*Assignment*
Which lines run from the one containing "Process Strategies and" to the end of the material below? Copy them exactly, pictures excluded.

*Data listing*
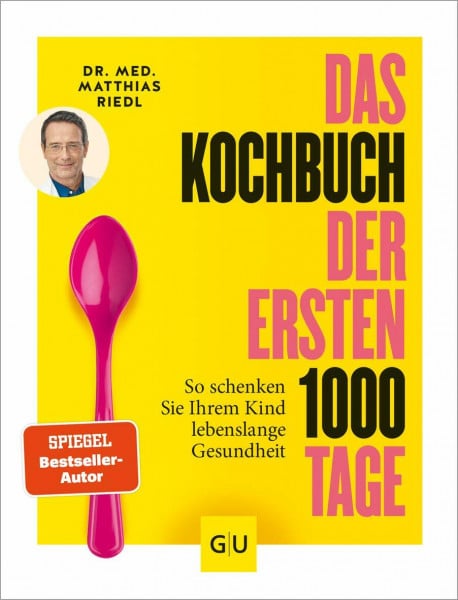 Riedl, Dr. med. Matthias Das Kochbuch der ersten 1000 Tage: 100 Rezepte, mit denen Sie Ihr Kind ein Leben lang auf eine gesunde Ernährung prägen (Artgerechte Ernährung)
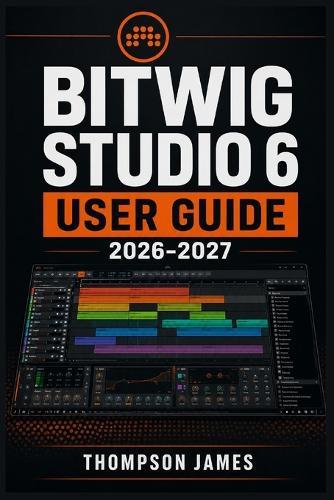 Bitwig Studio 6 User Guide 2026-2027: A Proven Framework for Efficient Performance and Better Results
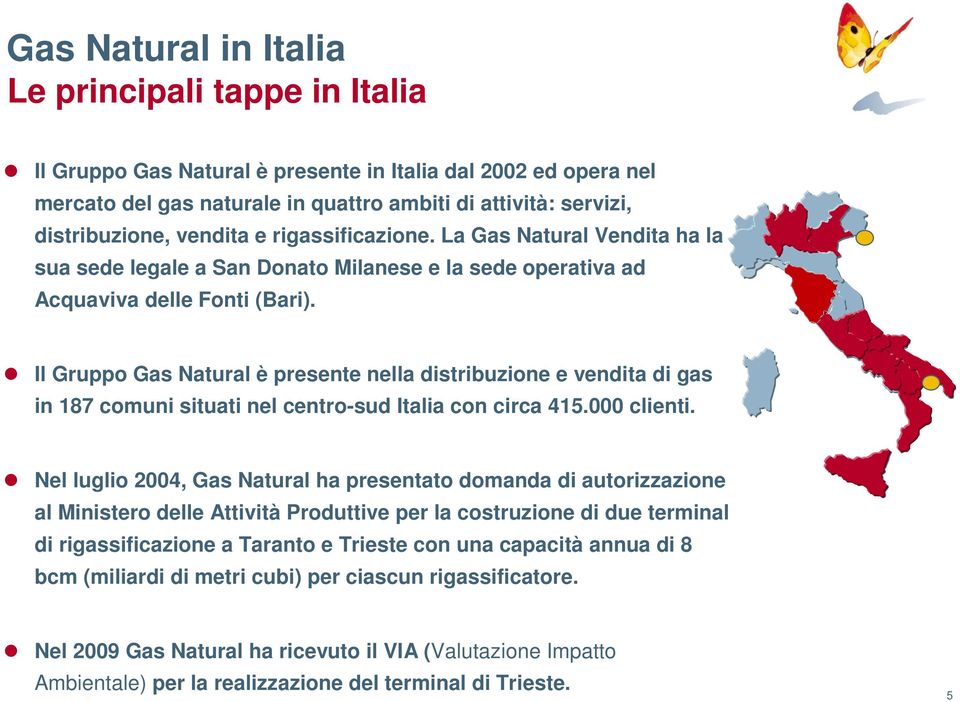 Il Gruppo Gas Natural è presente nella distribuzione e vendita di gas in 187 comuni situati nel centro-sud Italia con circa 415.000 clienti.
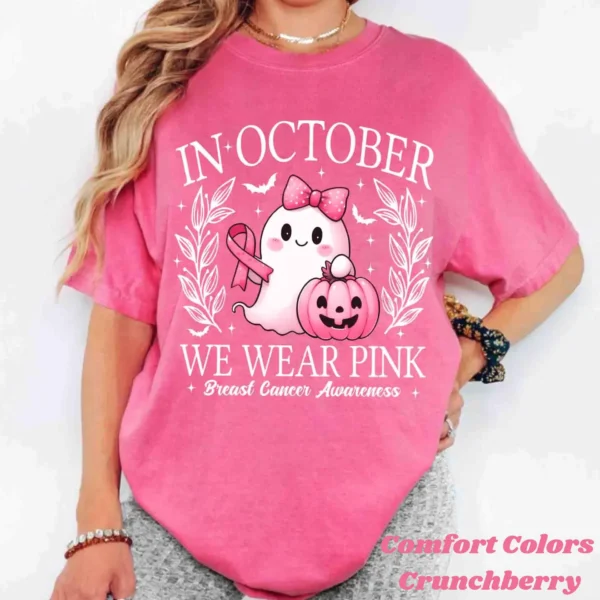 In October We Wear Pink Breast Cancer Awareness Shirt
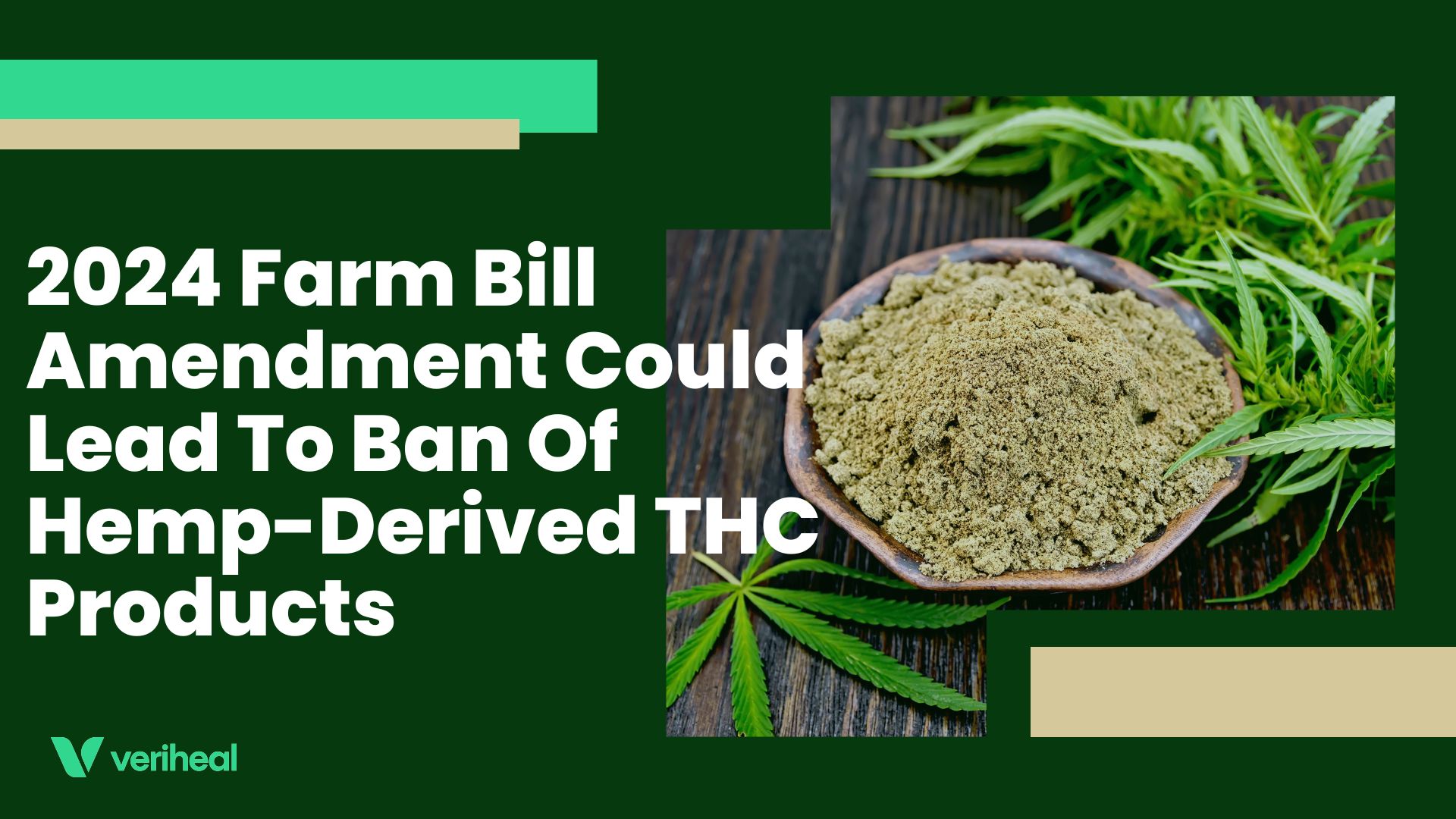 2024 Farm Bill Amendment Could Lead To Ban Of Hemp-Derived THC Products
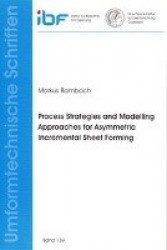 Process Strategies and Modelling Approaches for Asymmetric Incremental Sheet Forming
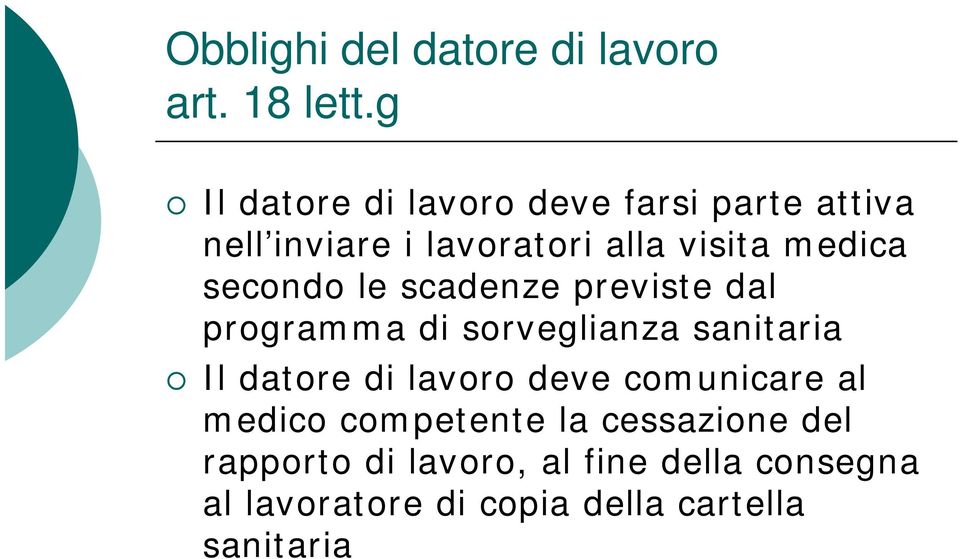 secondo le scadenze previste dal programma di sorveglianza sanitaria Il datore di lavoro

*Final answer*
 Process Strategies and Modelling Approaches for Asymmetric Incremental Sheet Forming
 secondo le scadenze previste dal programma di sorveglianza sanitaria Il datore di lavoro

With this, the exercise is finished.